= TASK GOAL =
Everything from the line that holds "מגפי עור עם" through the end of the listing below must be retyped word for word, without any pictures.

= THE DATA =
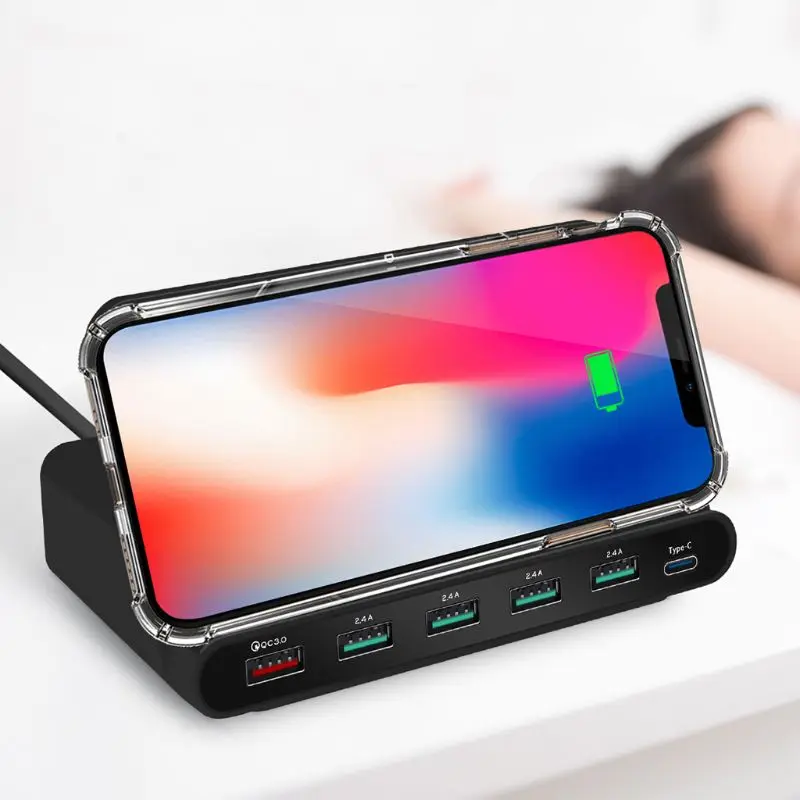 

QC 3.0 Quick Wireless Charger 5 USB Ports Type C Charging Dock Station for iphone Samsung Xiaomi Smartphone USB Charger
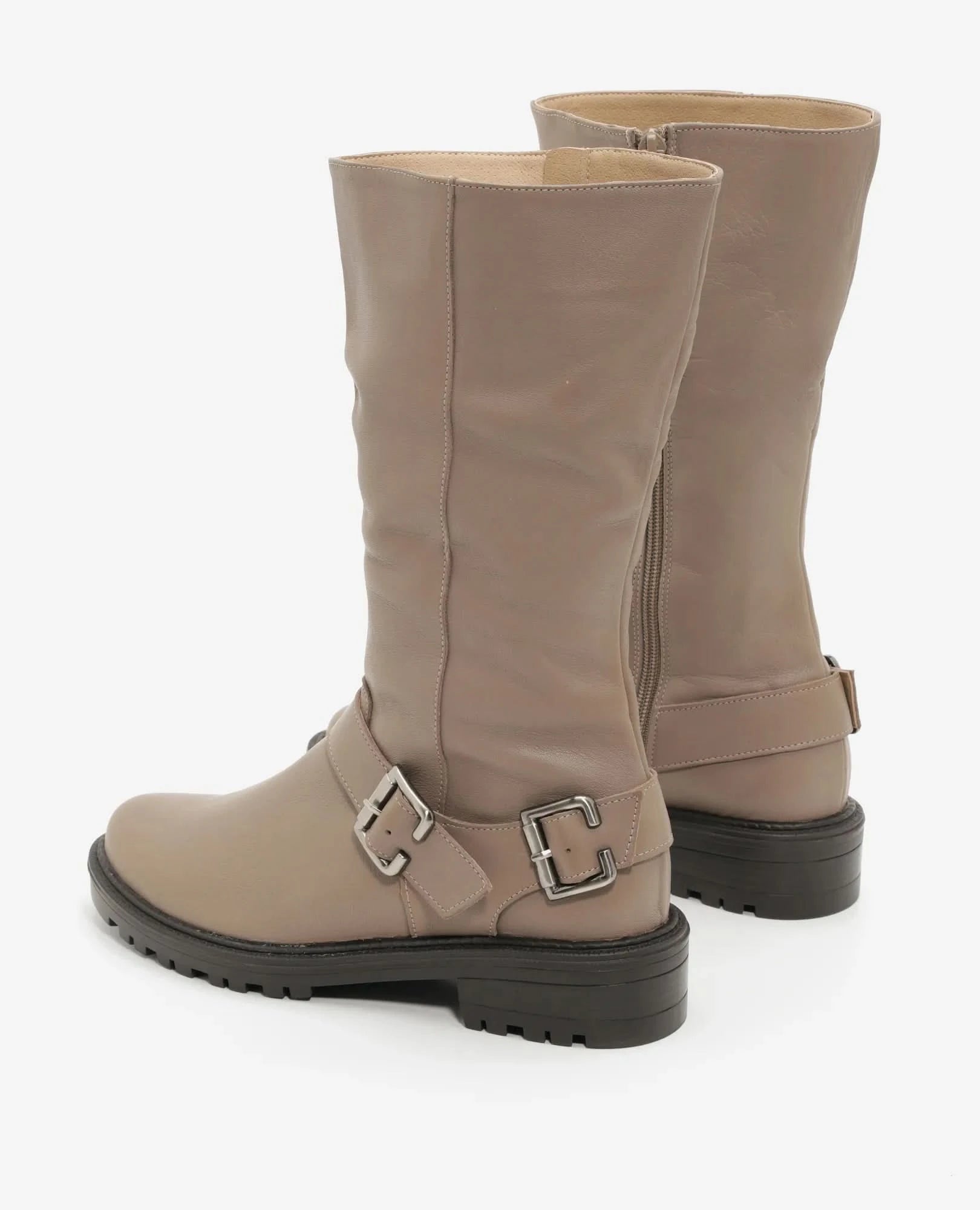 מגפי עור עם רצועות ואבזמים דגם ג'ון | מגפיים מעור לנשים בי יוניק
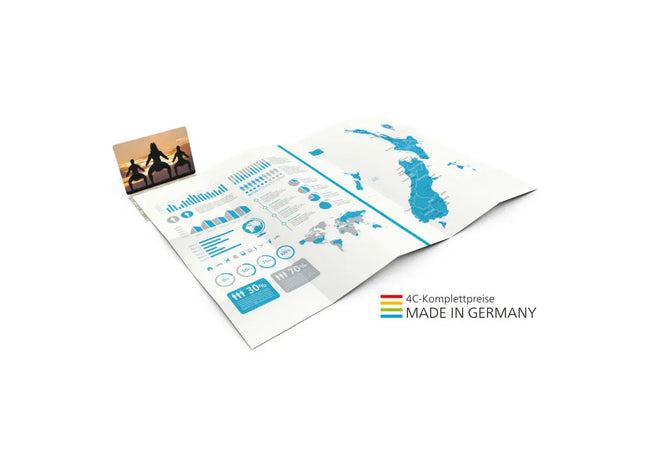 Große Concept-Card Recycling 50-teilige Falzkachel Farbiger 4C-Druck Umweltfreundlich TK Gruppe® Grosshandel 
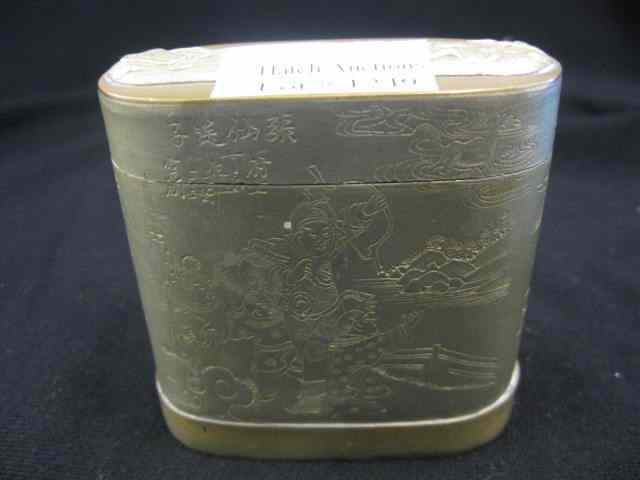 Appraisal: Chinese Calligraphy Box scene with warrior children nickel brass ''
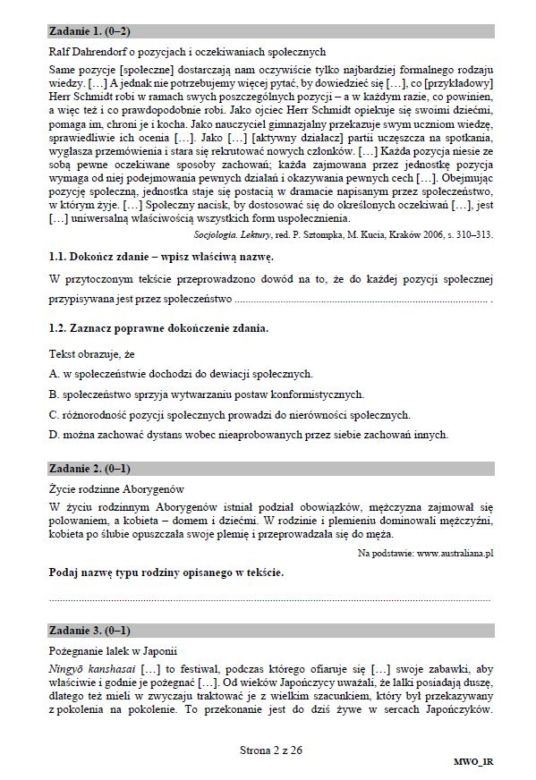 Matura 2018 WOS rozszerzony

= RESPONSE =
 מגפי עור עם רצועות ואבזמים דגם ג'ון | מגפיים מעור לנשים בי יוניק
 Große Concept-Card Recycling 50-teilige Falzkachel Farbiger 4C-Druck Umweltfreundlich TK Gruppe® Grosshandel 
 Appraisal: Chinese Calligraphy Box scene with warrior children nickel brass ''
 Matura 2018 WOS rozszerzony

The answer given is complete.